Re: OT: Posession (was OT: Re: What? the clean-shaven)
From: | Tim May <butsuri@...> |
Date: | Tuesday, May 20, 2003, 22:30 |
Stone Gordonssen wrote at 2003-05-19 15:44:45 (-0700)
> >Aha! So a conlang urgently needs a syntactical difference between
> >genitive and possessive.
>
> google for material on the conlang "Laadan" by Suzette Elgin - it has
> several types of posessives. I know that some natlangs do too.
>
> >*making notes for next project*
>
> Posession alone can be a huge topic.

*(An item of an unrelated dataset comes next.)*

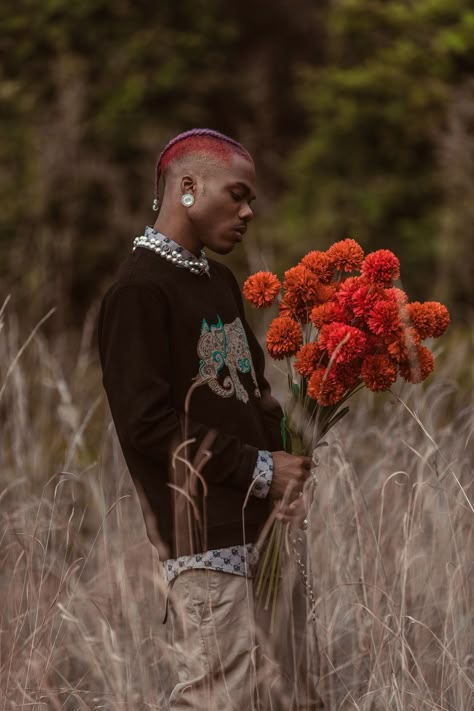 Music Video Ideas, Men Fashion Photoshoot, Beautiful Photoshoot Ideas, Vogue Men, Creative Photoshoot, Creative Photoshoot Ideas, Flower Boy, Men Photoshoot, Black Photography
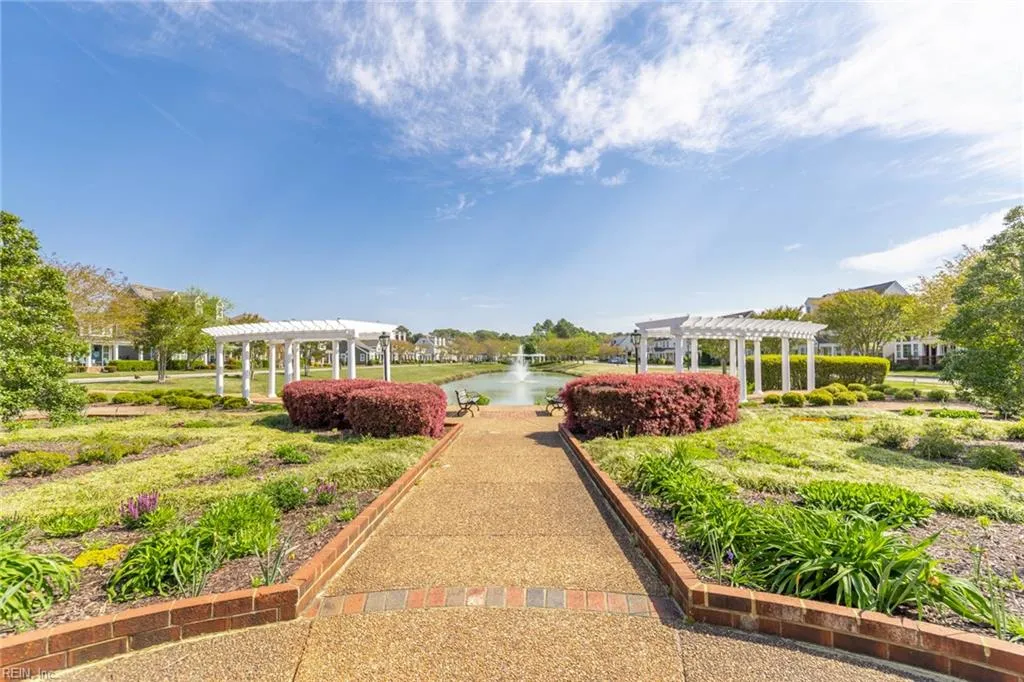 Virginia Beach, Virginia 23455, United States, 5 Bedrooms Bedrooms, ,3 BathroomsBathrooms,Residential,Pending,111379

Months ago, Suzette Elgin and
> I spent days trying to research and explain to a neophite the place
> of the false posessive within the whole context of posession . I
> ended up feeling that actually posession - e.g. "my book" - was
> little more than a minor subset of a much larger and also
> mystifying set of inter-item relationships.
>
I've thought about this a bit myself, and I quite agree. "My home"

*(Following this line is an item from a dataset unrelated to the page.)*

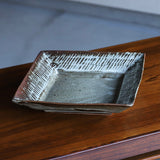 島岡達三 地釉打刷毛目角皿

"my father" "my murderer" "my victim" "my arm" - the relationship
between possessor and possessed is different for each.
As for natlangs which make a distinction - there's the well-known
opposition between alienable and inalienable possession, made in many
Polynesian and Amerindian languages. In the Amerindian languages
inalienable possessions are often mandatorily possessed, so that it is
grammatically impossible to say "a hand" without specifying at least
an indefinite possessor: "someone's hand". Some notes on this
phenomenon in Tzotzil may be found at this URL:
http://www.zapata.org/Tzotzil/Chapters/chapt4.html#4.5
If anyone can supply details of a natlang making a more specific
possessive distinction than this, I'd be very interested to hear of it.